Russian architect Boris Lakhman dreamt up the concrete barrier in the 1970s and christened it the "PO-2 wall slab." He designed it while working for a company that made industrial building materials. The wall consists of a ferroconcrete frame, which means the concrete is reinforced with steel.
"Each panel has a relief pattern of light and shade that made these walls, installed in long rows, less monotonous." said Lakhman.

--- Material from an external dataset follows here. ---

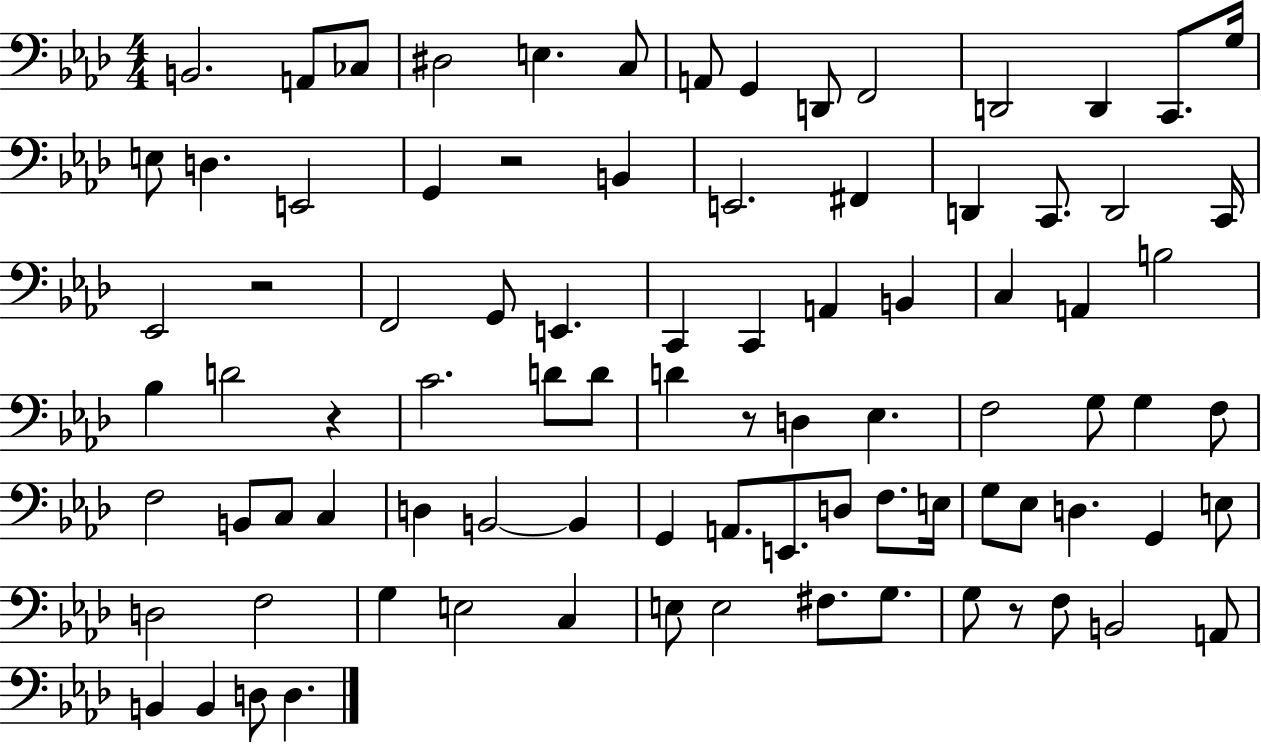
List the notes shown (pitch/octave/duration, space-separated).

B2/h. A2/e CES3/e D#3/h E3/q. C3/e A2/e G2/q D2/e F2/h D2/h D2/q C2/e. G3/s E3/e D3/q. E2/h G2/q R/h B2/q E2/h. F#2/q D2/q C2/e. D2/h C2/s Eb2/h R/h F2/h G2/e E2/q. C2/q C2/q A2/q B2/q C3/q A2/q B3/h Bb3/q D4/h R/q C4/h. D4/e D4/e D4/q R/e D3/q Eb3/q. F3/h G3/e G3/q F3/e F3/h B2/e C3/e C3/q D3/q B2/h B2/q G2/q A2/e. E2/e. D3/e F3/e. E3/s G3/e Eb3/e D3/q. G2/q E3/e D3/h F3/h G3/q E3/h C3/q E3/e E3/h F#3/e. G3/e. G3/e R/e F3/e B2/h A2/e B2/q B2/q D3/e D3/q.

Also, the wall helps reduce noise pollution in residential areas.
In 1981, Lakhman decided to leave the Soviet Union for the U.S. He traveled to New York with his family, where he landed a job at an architectural firm called Richard M. Bellamy – he started renovating buildings, and designing libraries and schools.
Today he devotes most of his time to painting, and while he doesn’t like to reminisce about his “Lakhman wall,” it can’t be denied that he created an enduring masterpiece of Soviet architecture.
"Villa PO-2."Yulia Abzaltdinova / Nikola Lenivets art park
Artists and designers are still influenced by his design, for example, at the Archstoyanie 2018 festival, Alexander Brodsky made an artwork from PO-2, and Puma has even designed trainers with a sole based on the concrete slabs.